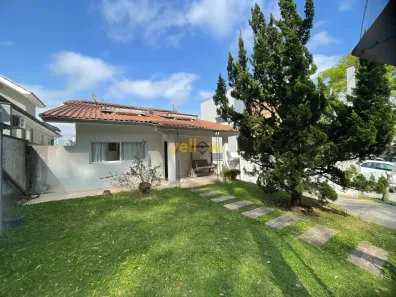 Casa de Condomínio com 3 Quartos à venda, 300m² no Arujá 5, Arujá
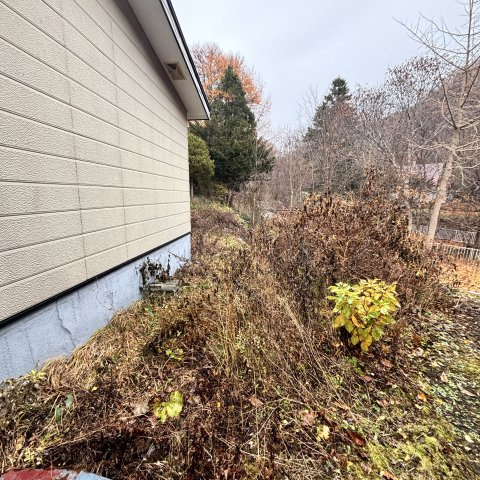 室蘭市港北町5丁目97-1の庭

---

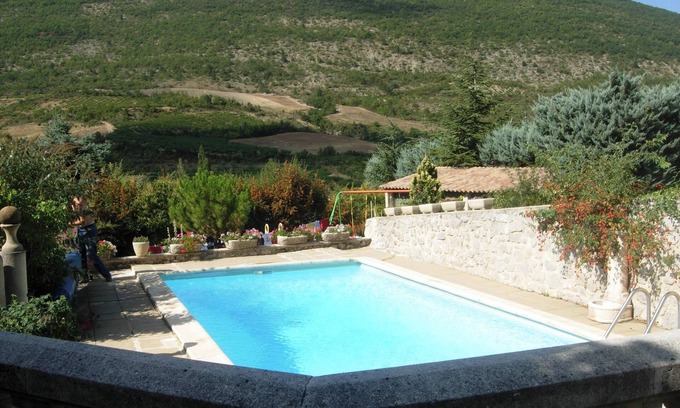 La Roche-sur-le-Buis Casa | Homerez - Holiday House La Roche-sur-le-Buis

* * *

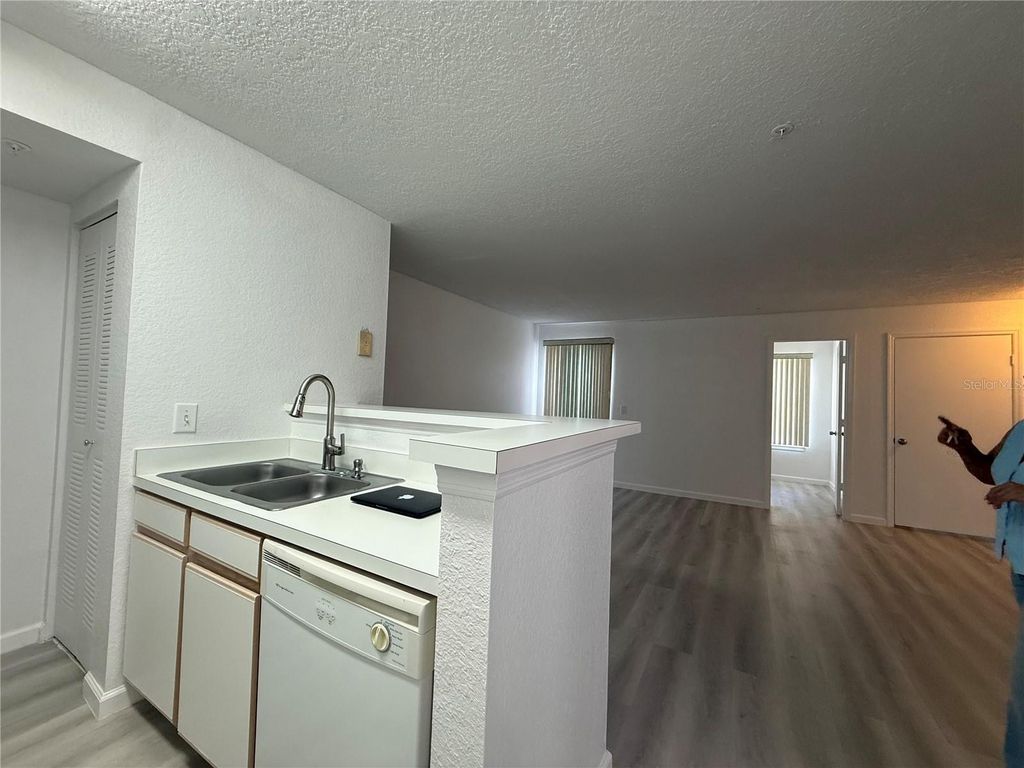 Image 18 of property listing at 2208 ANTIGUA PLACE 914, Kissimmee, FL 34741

> _TASK OBJECTIVE_
Work from the entries above. Set down exactly and only the lines from the line with "Casa de Condomínio" to the line with "室蘭市港北町5丁目97-1の庭", both included, and leave the pictures out.

> _EXERCISE SOLUTION_
 Casa de Condomínio com 3 Quartos à venda, 300m² no Arujá 5, Arujá
 室蘭市港北町5丁目97-1の庭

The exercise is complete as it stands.